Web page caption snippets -

-=-=-

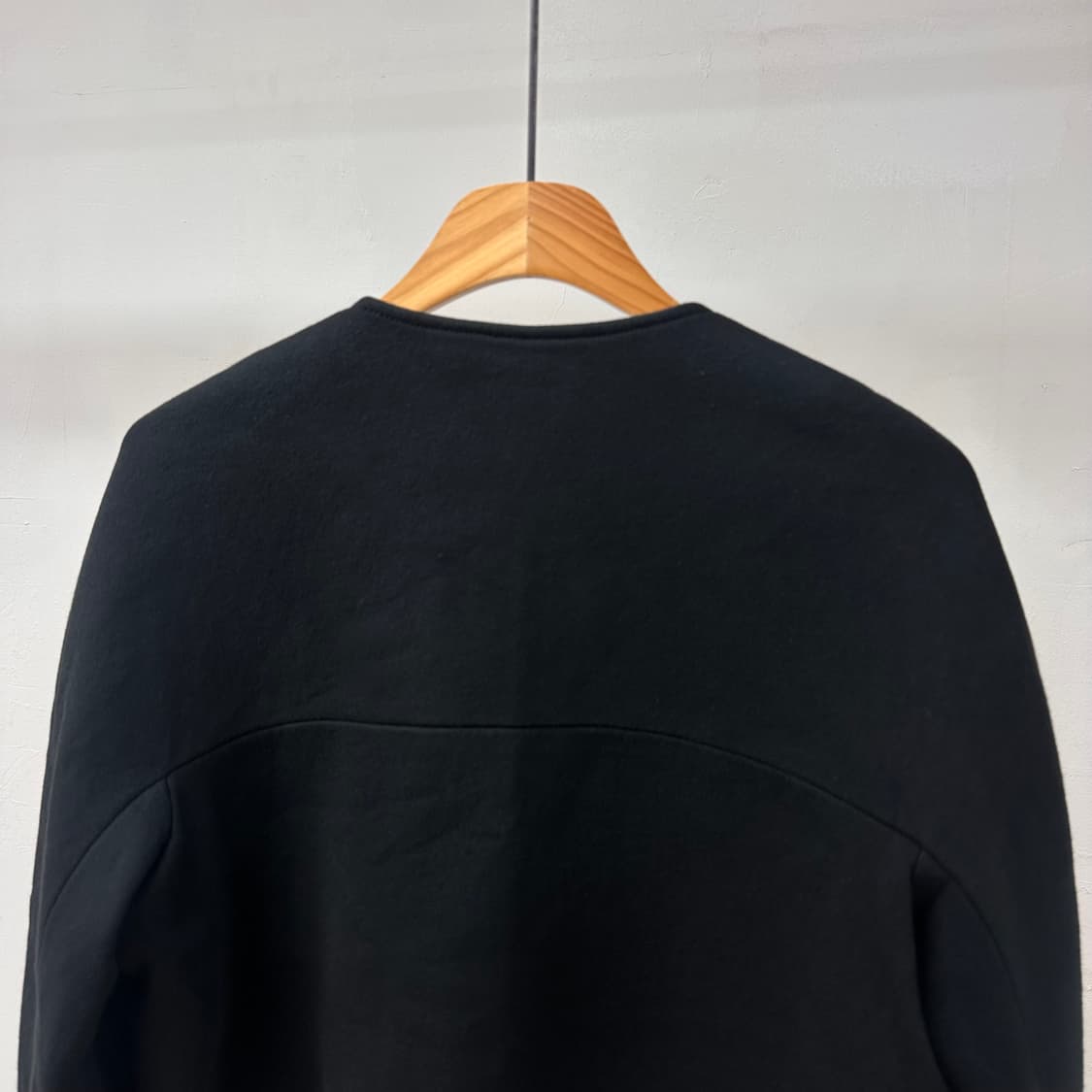 럭키슈에뜨 블랙 라운드 금장 단추 자켓 J41 상품이미지7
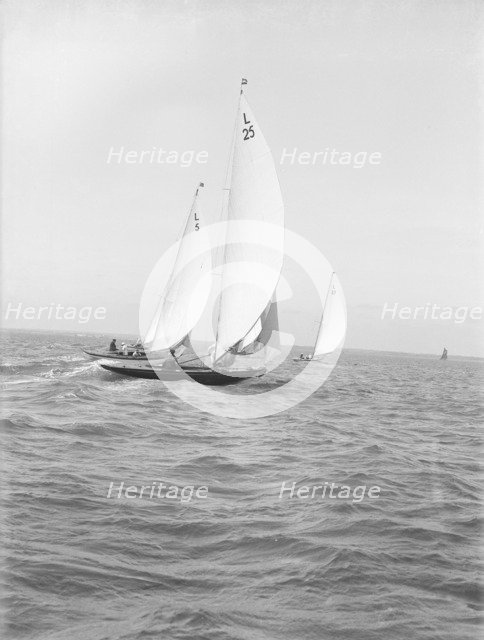 Group of 6 Metres racing downwind, 1914.  Creator: Kirk & Sons of Cowes.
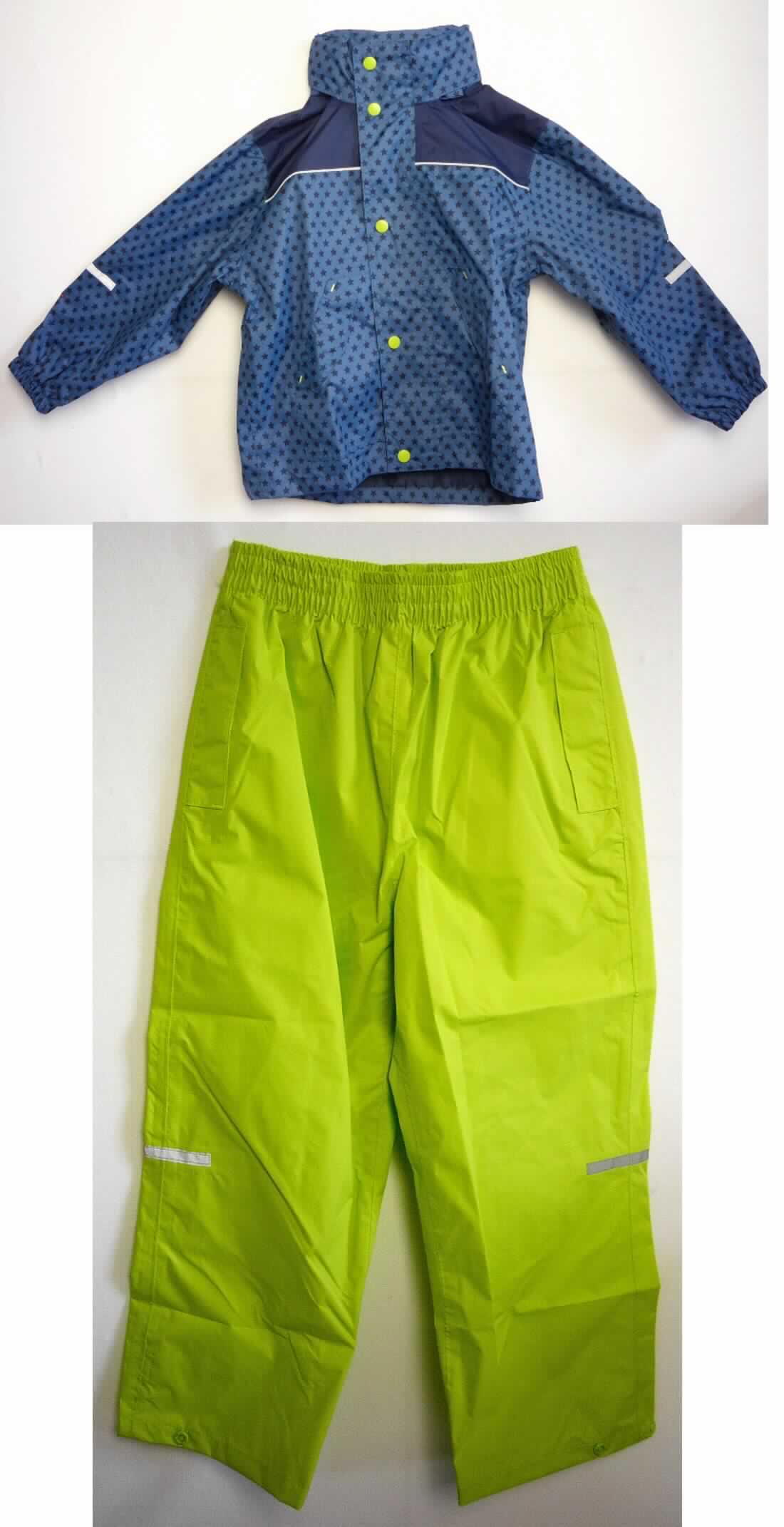 Anorak und lange Hose, sog. Kinder Regenanzug für Jungen, Art. 288144, Größe 116, Foto siehe Anlage,
- als zweiteilige Zusammenstellung; gemeinsam in einem Polybeutel mit Pappeinleger verpackt,
- aus verschiedenen ca. 0,1 mm dicken, einfarbigen und bedruckten (nur beim Anorak) Geweben aus laut Antrag 
  100% Polyester (synthetische Chemiefasern), die Gewebe sollen laut Antrag einseitig mit Kunststoff bestrichen 
  sein, ein Bestreichen mit Kunststoff ist jedoch mit bloßem Auge nicht wahrnehmbar (keine Meterware der 
  Position 5903),
- keine Kombination, da nicht aus ein und demselben Flächenerzeugnis hergestellt, somit getrennte Einreihung,
- lange Hose:
-- in der Taille abschließend; mit einem elastischen Taillenbund,
-- ohne Öffnung und ohne Verschluss, ohne Hinweise auf den Trägerkreis (unisex),
-- mit zwei seitlichen Eingriffstaschen mit Patten mit Klettverschluss,
-- mit knöchellangen Hosenbeinen, mit aufgenähten, reflektierenden Streifen,
-- an den Beinabschlüssen durch Umschlagen und Festnähen gesäumt und mit Druckknöpfen zu verengen,
-- keine Arbeits- und Berufskleidung.

"Lange Hose aus Geweben, für Mädchen, aus synthetischen Chemiefasern, keine Arbeits- und Berufskleidung, 
 nicht nach dem Batik-Verfahren handbedruckt"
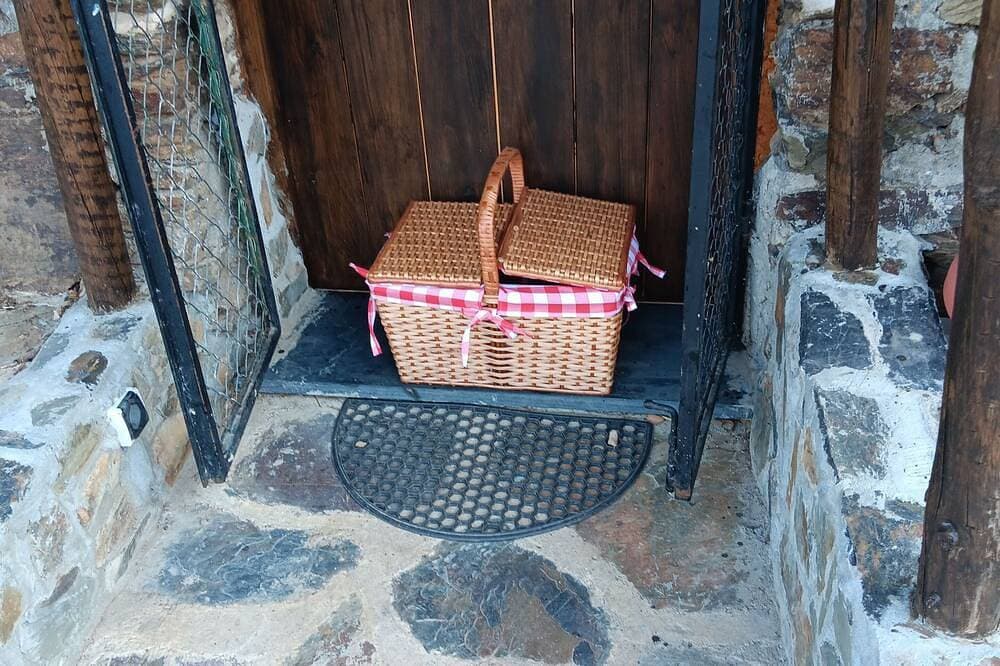 Foto 9 von 30: Relax at Ceira Cottage -Private Plunge Pool & Nature Escape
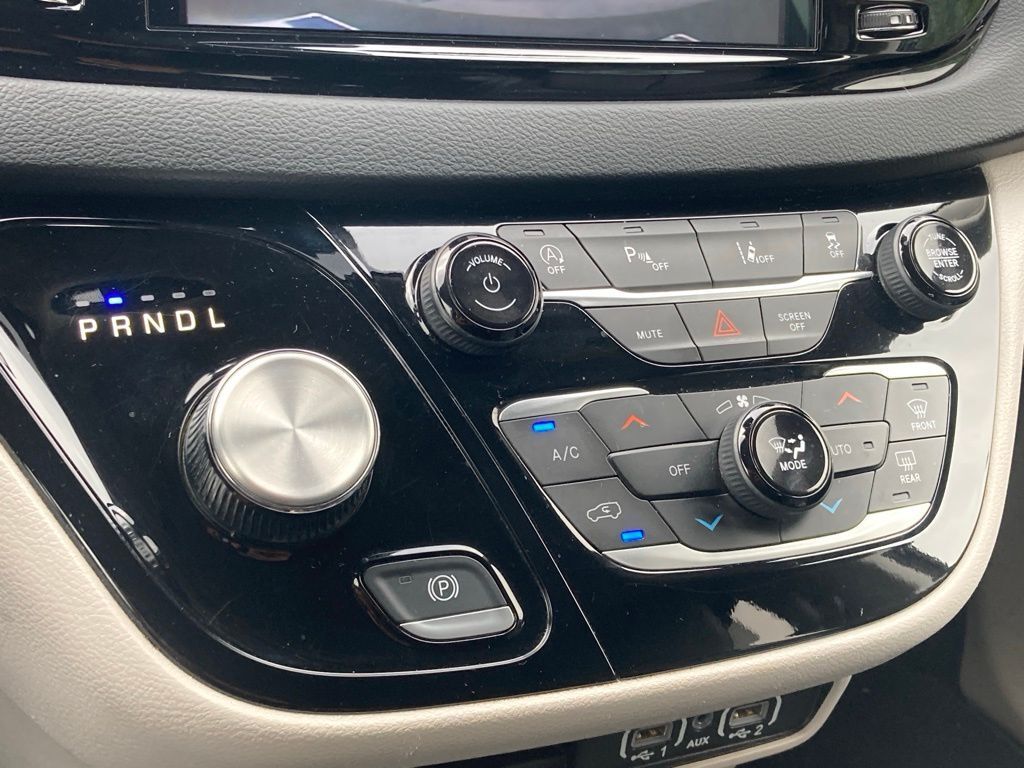 2023 Chrysler Pacifica Touring L San Antonio TX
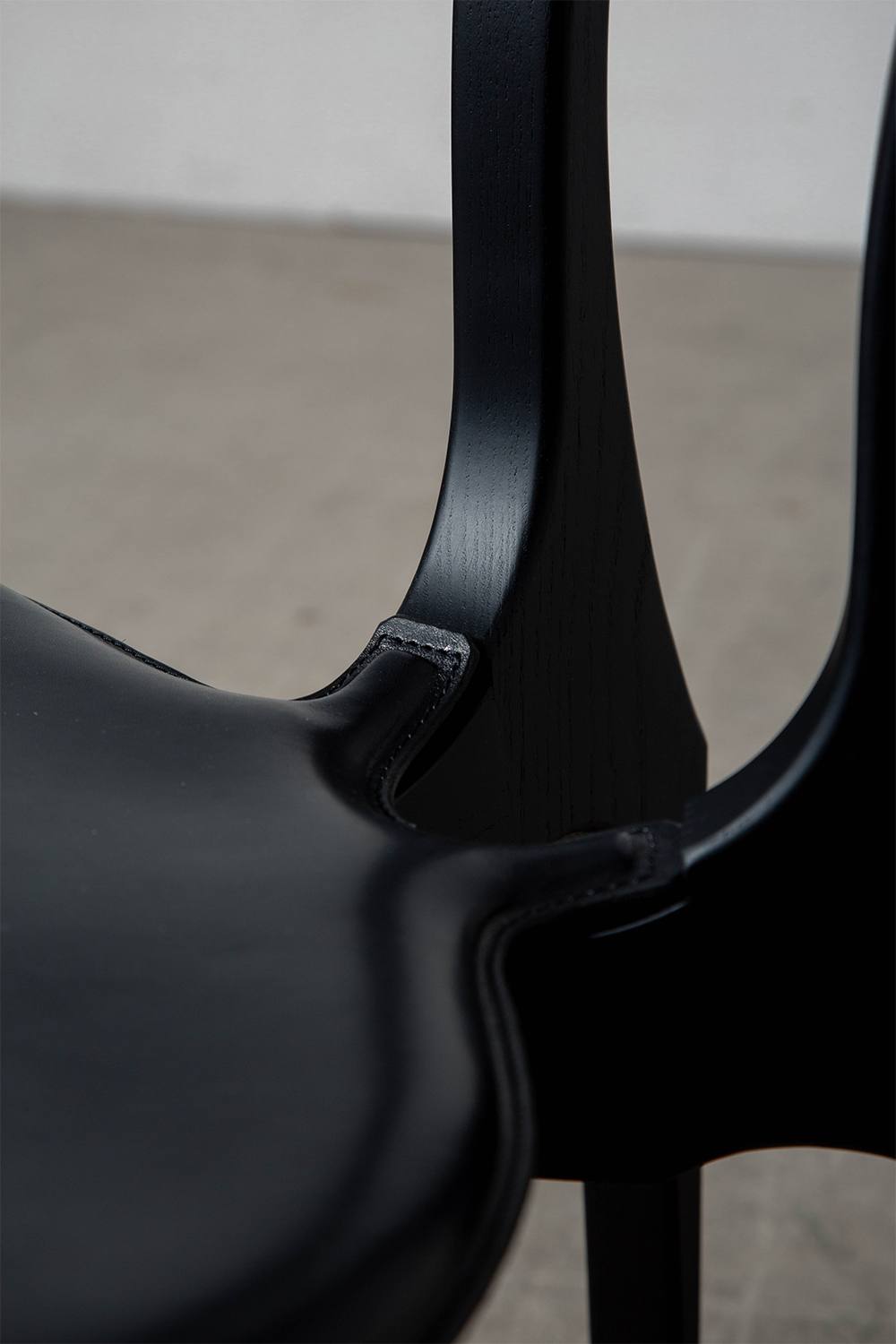 Gaulino Easy Chair by Oscar Tusquets Chair for BD Barcelona in Ash and Black
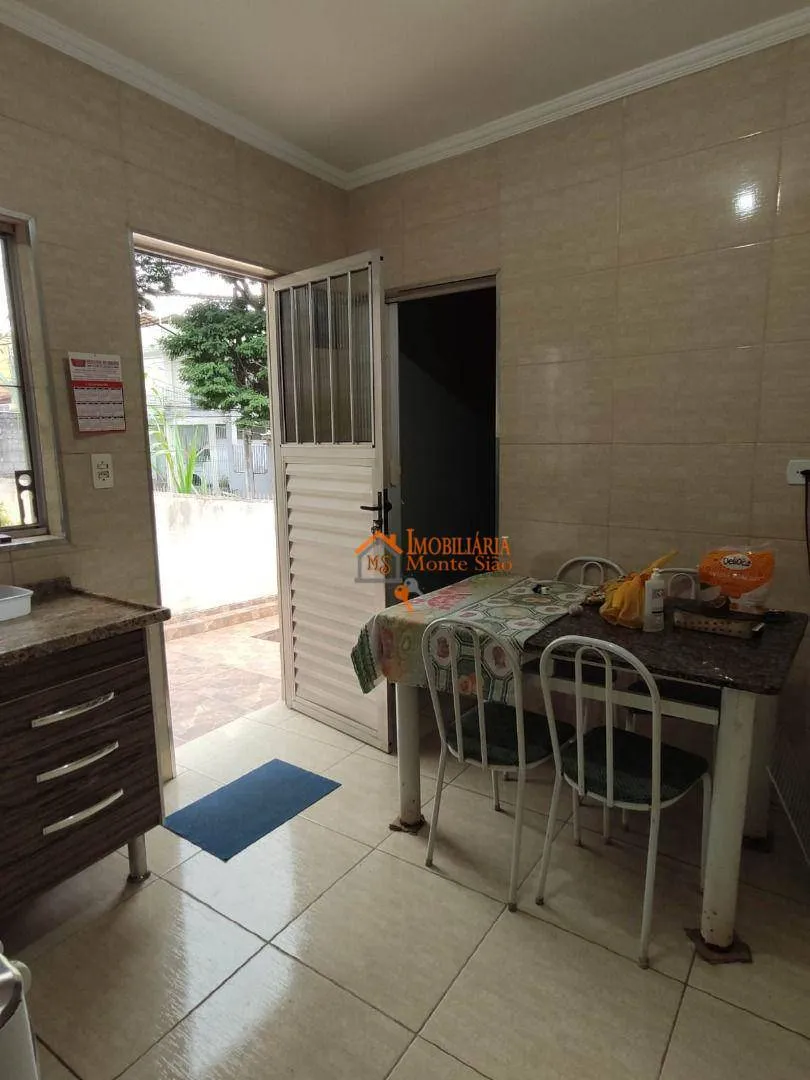 Imagem Casa com 2 dormitórios à venda, 67 m² por R$ 320.000,00 - Vila São João Batista - Guarulhos/SP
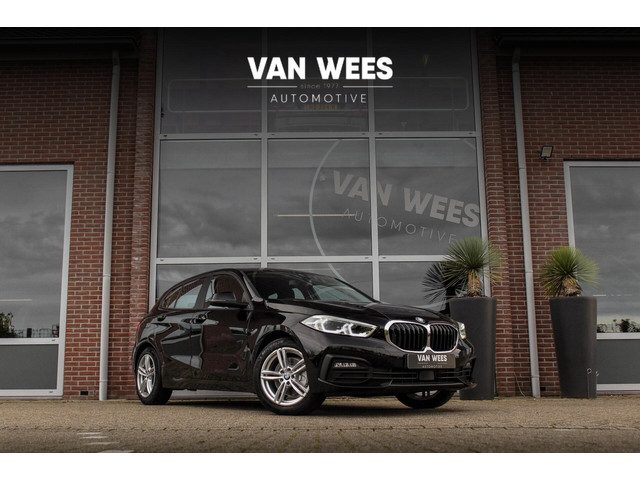 BMW 1 Serie 116d F40 Executive Edition | 1e eigenaar | NL Auto | DAB | LED | Carplay | PDC | Cruise-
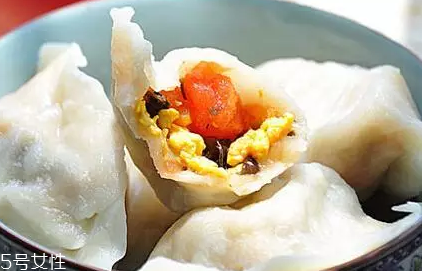 餃子餡先放水還是先放油？油是最后放的調(diào)料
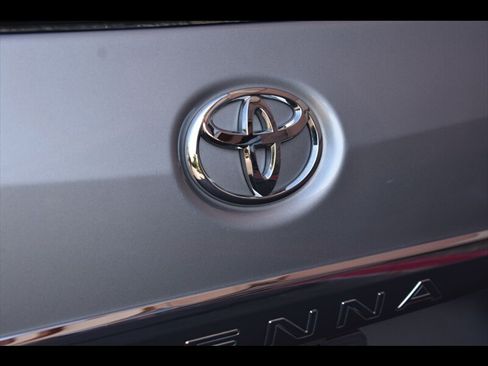 Used 2018 Toyota Sienna Limited Premium w/ Preferred Accessory Package FWD image 53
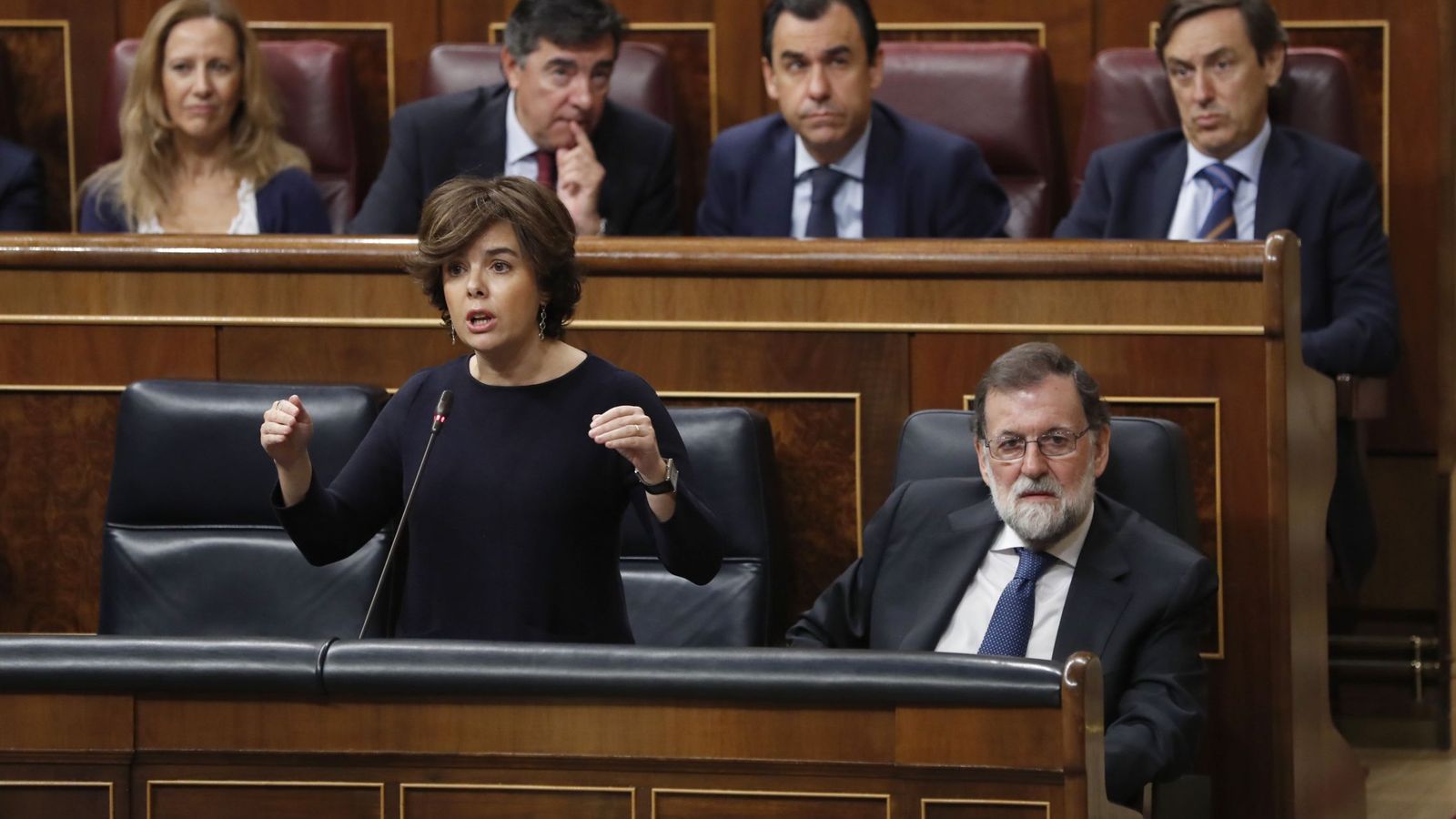 Foto: Soraya Sáenz de Santamaría y Mariano Rajoy en el Congreso de los Diputados. (EFE)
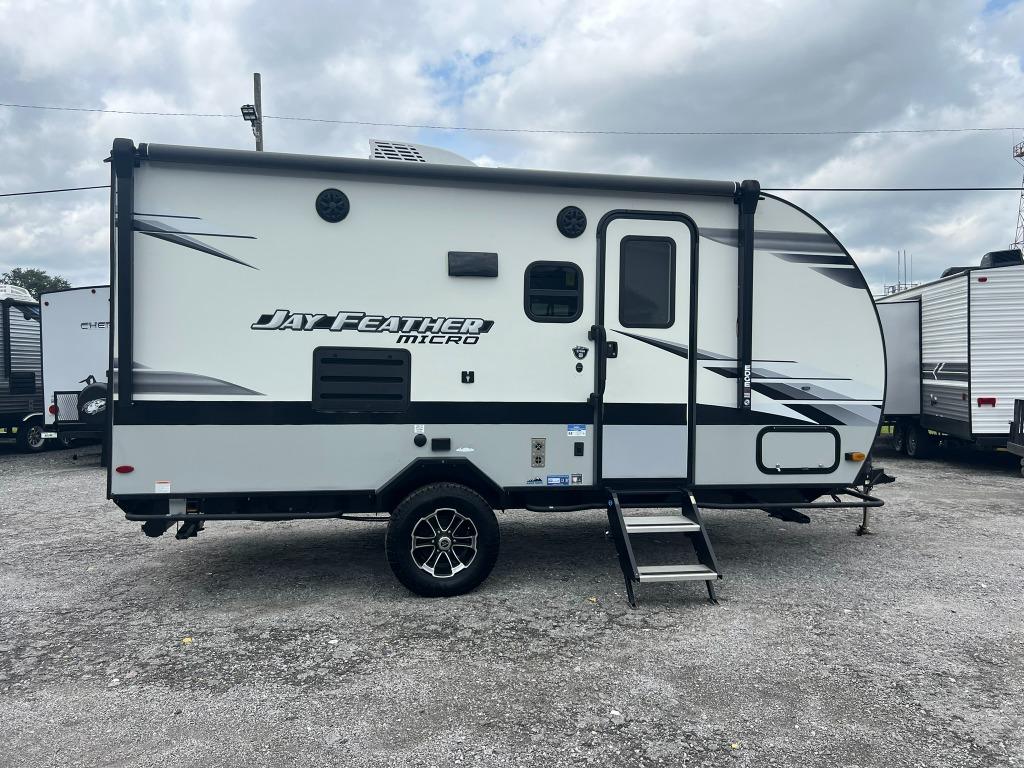 2022 Jayco Jayco - $16,900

-=-=-

Each entry above should be copied word for word, with the images omitted.

 럭키슈에뜨 블랙 라운드 금장 단추 자켓 J41 상품이미지7
 Group of 6 Metres racing downwind, 1914.  Creator: Kirk & Sons of Cowes.
 Anorak und lange Hose, sog. Kinder Regenanzug für Jungen, Art. 288144, Größe 116, Foto siehe Anlage,
- als zweiteilige Zusammenstellung; gemeinsam in einem Polybeutel mit Pappeinleger verpackt,
- aus verschiedenen ca. 0,1 mm dicken, einfarbigen und bedruckten (nur beim Anorak) Geweben aus laut Antrag 
  100% Polyester (synthetische Chemiefasern), die Gewebe sollen laut Antrag einseitig mit Kunststoff bestrichen 
  sein, ein Bestreichen mit Kunststoff ist jedoch mit bloßem Auge nicht wahrnehmbar (keine Meterware der 
  Position 5903),
- keine Kombination, da nicht aus ein und demselben Flächenerzeugnis hergestellt, somit getrennte Einreihung,
- lange Hose:
-- in der Taille abschließend; mit einem elastischen Taillenbund,
-- ohne Öffnung und ohne Verschluss, ohne Hinweise auf den Trägerkreis (unisex),
-- mit zwei seitlichen Eingriffstaschen mit Patten mit Klettverschluss,
-- mit knöchellangen Hosenbeinen, mit aufgenähten, reflektierenden Streifen,
-- an den Beinabschlüssen durch Umschlagen und Festnähen gesäumt und mit Druckknöpfen zu verengen,
-- keine Arbeits- und Berufskleidung.

"Lange Hose aus Geweben, für Mädchen, aus synthetischen Chemiefasern, keine Arbeits- und Berufskleidung, 
 nicht nach dem Batik-Verfahren handbedruckt"
 Foto 9 von 30: Relax at Ceira Cottage -Private Plunge Pool & Nature Escape
 2023 Chrysler Pacifica Touring L San Antonio TX
 Gaulino Easy Chair by Oscar Tusquets Chair for BD Barcelona in Ash and Black
 Imagem Casa com 2 dormitórios à venda, 67 m² por R$ 320.000,00 - Vila São João Batista - Guarulhos/SP
 BMW 1 Serie 116d F40 Executive Edition | 1e eigenaar | NL Auto | DAB | LED | Carplay | PDC | Cruise-
 餃子餡先放水還是先放油？油是最后放的調(diào)料
 Used 2018 Toyota Sienna Limited Premium w/ Preferred Accessory Package FWD image 53
 Foto: Soraya Sáenz de Santamaría y Mariano Rajoy en el Congreso de los Diputados. (EFE)
 2022 Jayco Jayco - $16,900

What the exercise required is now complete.